Вдалеке по дороге, притемненной мутью лесополосы, показалась железобетонная коробка — это была автобусная остановка; а чуть дальше вправо сворачивала с грейдера дорога на Подстепки. Солнце уже исчезло, сумерки серым осадком копились по долам, сужали вокруг дороги степь, и только чуть розовели в стороне заката стремительно летящие над увалами снега.
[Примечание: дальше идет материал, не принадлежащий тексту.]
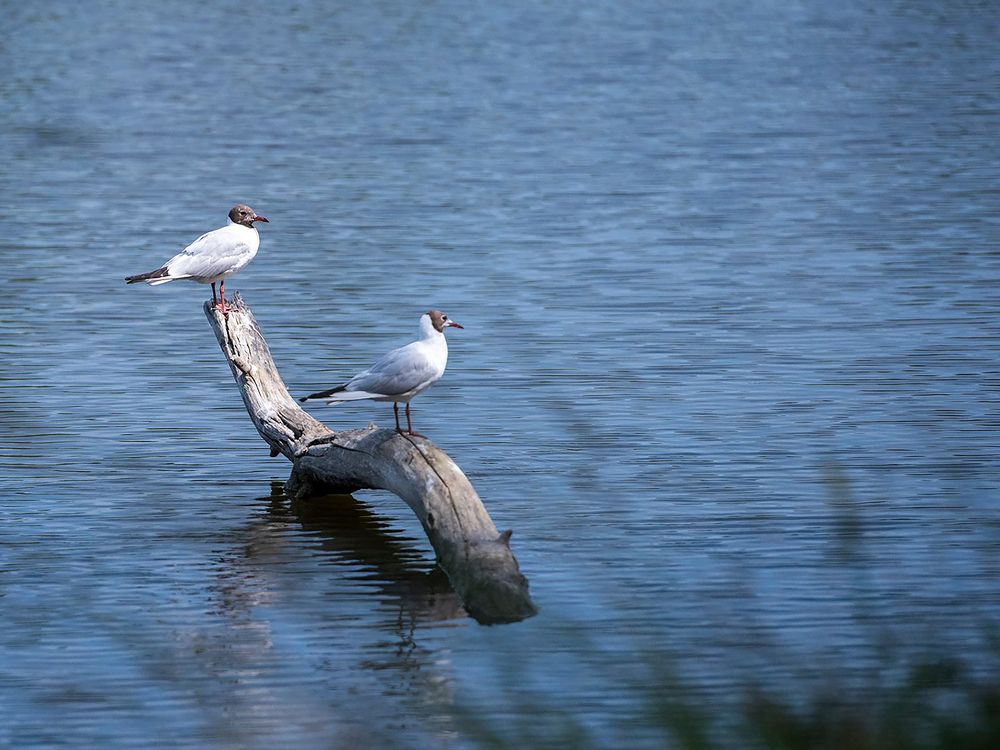 Photograph by Павел Крылов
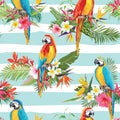 Tropical Flowers and Parrot Birds Seamless Background Royalty Free Stock Photo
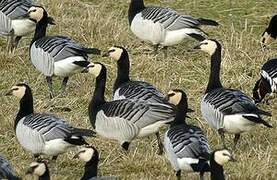 Barnacle Goose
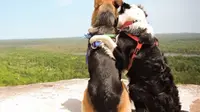 Melihat Persahabatan Dua Anjing Setia Ini, Kamu Pasti Menangis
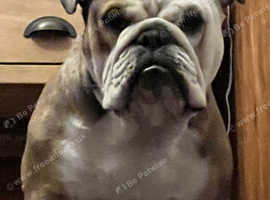 English Bulldog For Stud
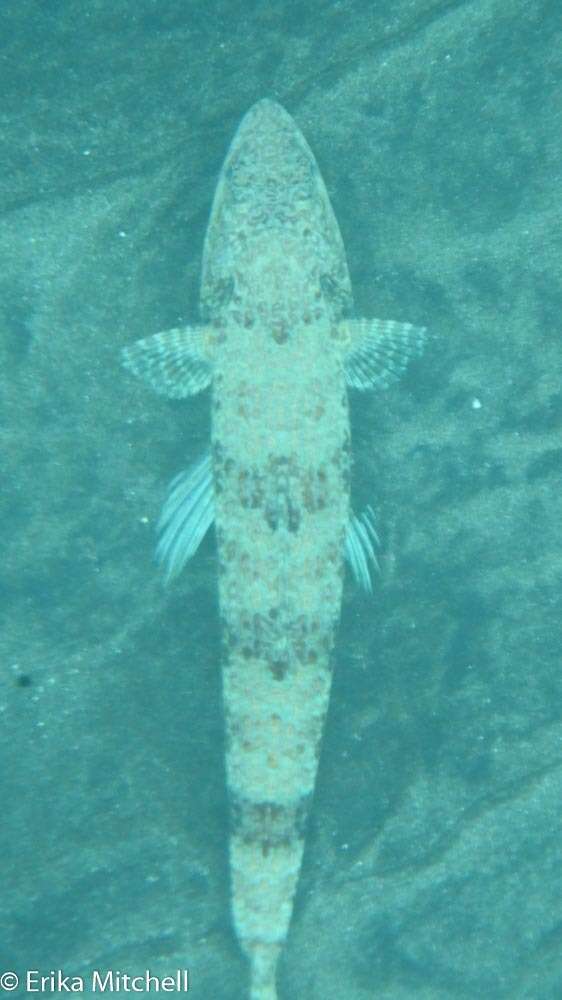 Image of Lizardfish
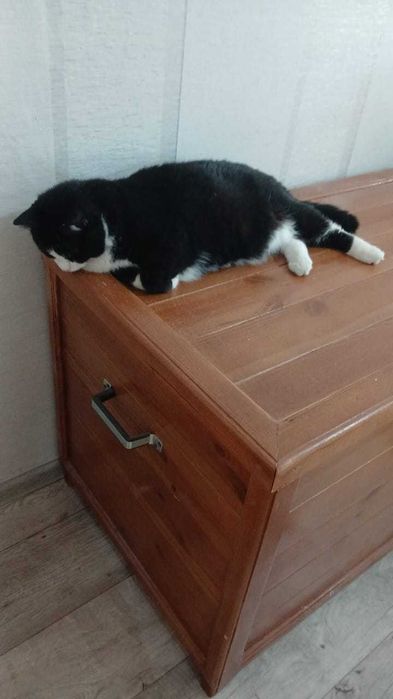 Продам сундук не дорого
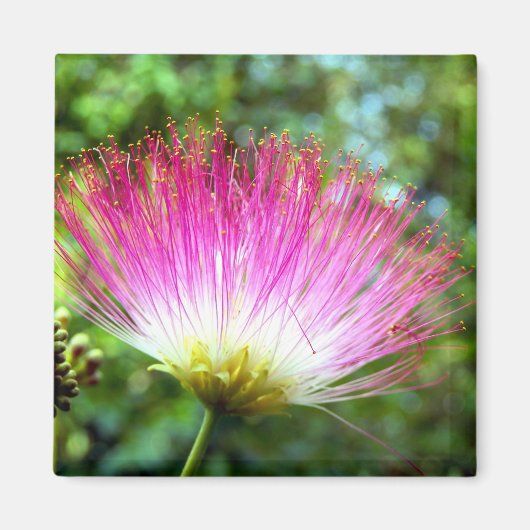 Perzische zijde boom bloem magneet (Voorkant)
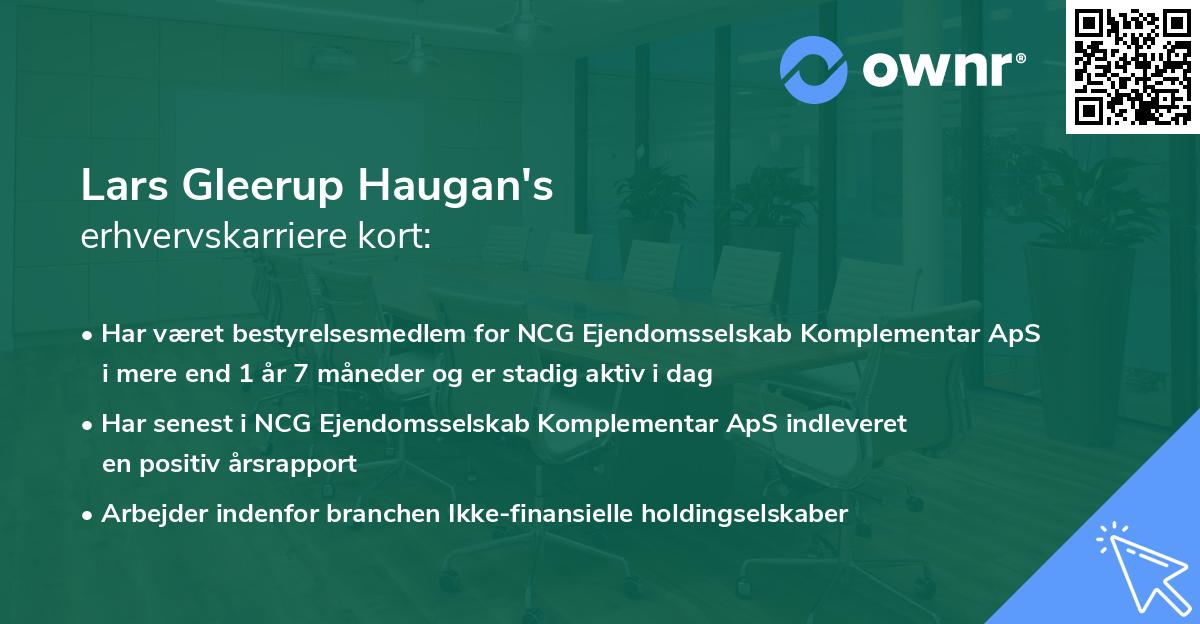 Lars Gleerup Haugan's erhvervskarriere kort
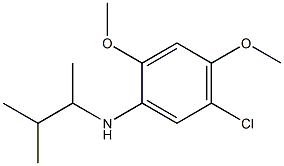 5-chloro-2,4-dimethoxy-N-(3-methylbutan-2-yl)aniline Struktur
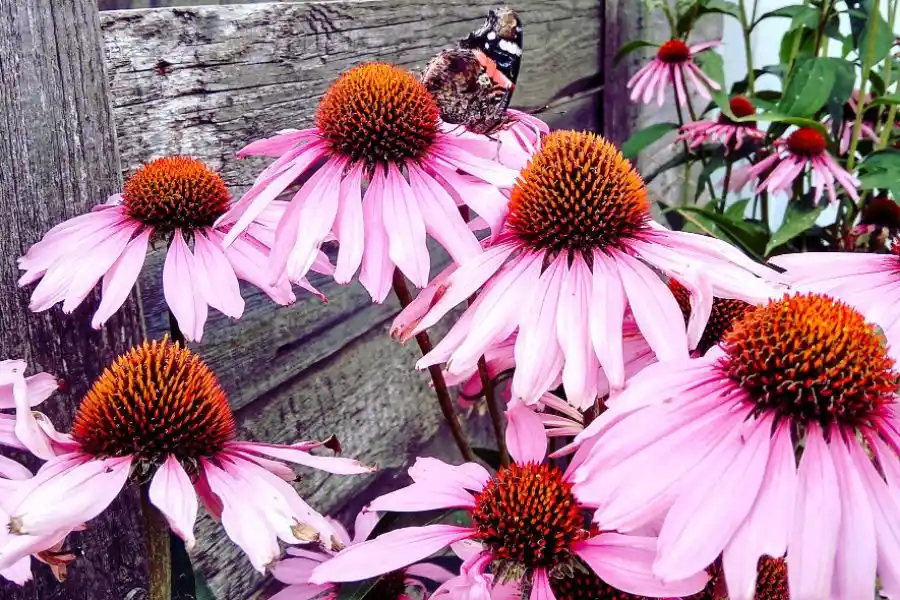 How to grow echinacea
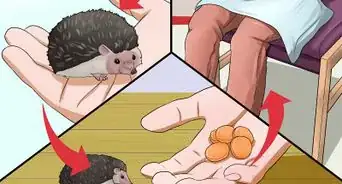 Help Your Hedgehog Get Used to Handling
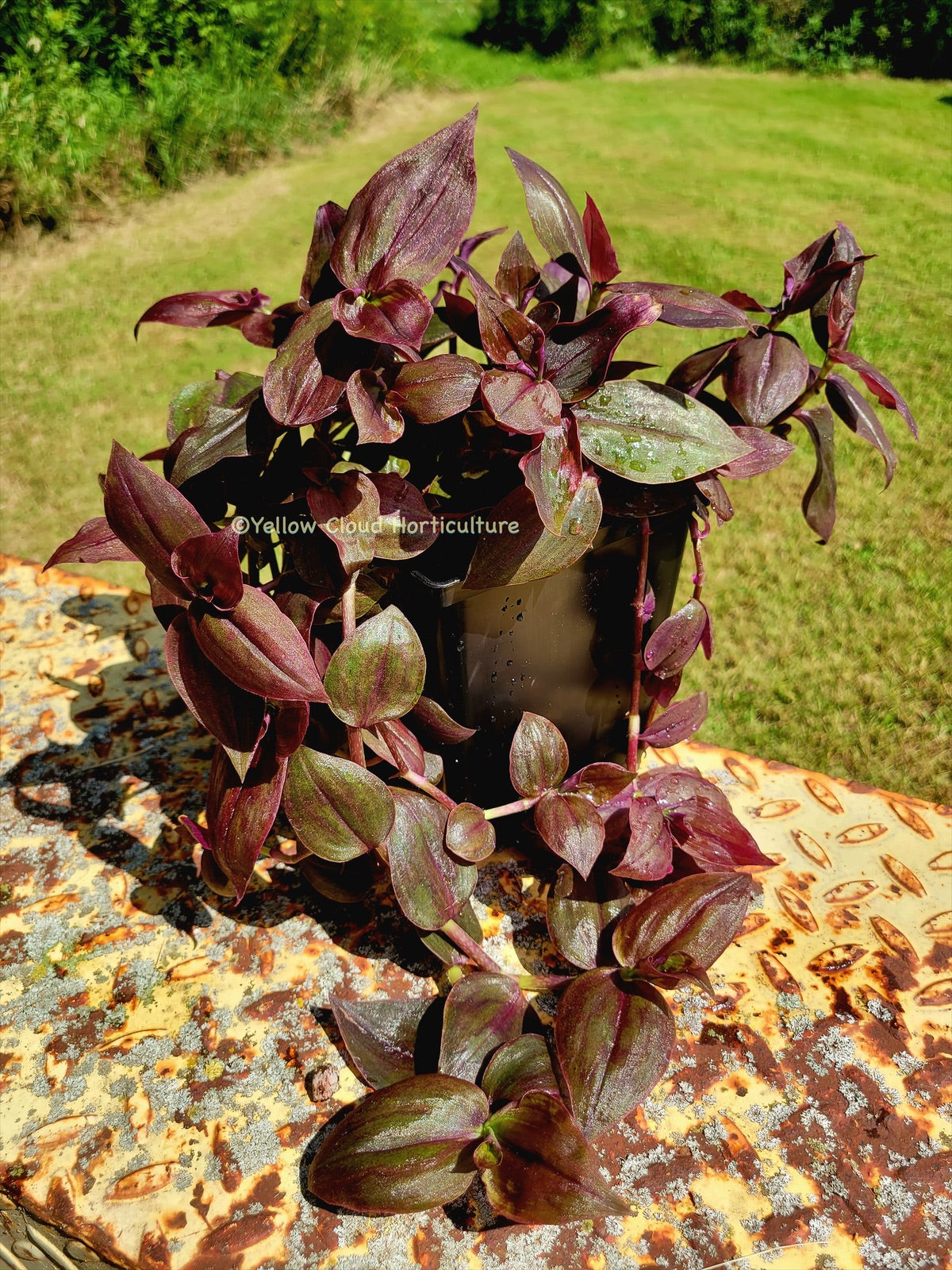 Tradescantia Zebrina ‘Purpusii’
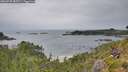 ./images/calvert/foggy-cove/20260730/foggy-cove20260730_082501M.jpg
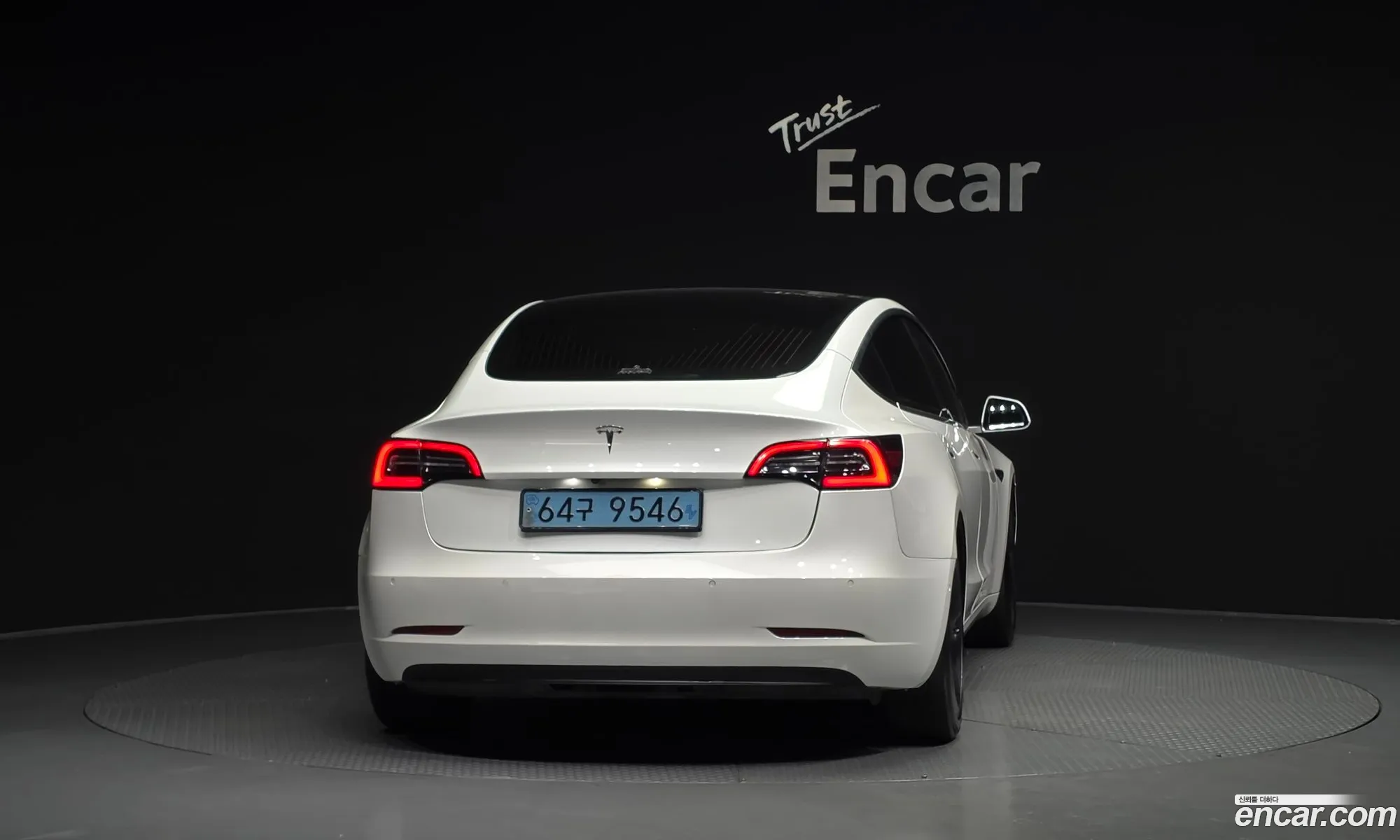 Tesla Model 3 2020 5YJ3E1EAXLF810098 — 13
IIЕго провожали на фронт такой же погодой. В степи разгуливался буран, ныряло в тучах тревожное солнце — словно все пыталось пробиться вниз, к застуженным избенкам, к окнам их и мерзлым завалинкам, к людям; и никак не могло. Был декабрь сорок второго, им, девятерым мобилизованным, предстояло пять суток санного пути до областного центра, до солдатчины. Тронулся под ветреный вой родни обоз, и канули в сухо-морозной пурге, будто камень на недосягаемо глубокое дно, его Подстепки — для многих навсегда. И все время, пока они ехали в тот день, стояла в глазах его мать с уцепившейся за юбку сестренкой Катюшкой, а рядом с ними отец — прямой, прощальный, с остекленевшими от слез глазами, бледным и оттого казавшимся грязным лицом, заострившимся носом. Отец крестил его все время, пока он, жалко и пьяно кривясь в улыбке, усаживался в сани, а мать будто окаменела и только временами шептала что-то омертвевшими губами — молилась за него, за сына, словно предчувствуя, что ему выпадет худшая, чем другим, судьба…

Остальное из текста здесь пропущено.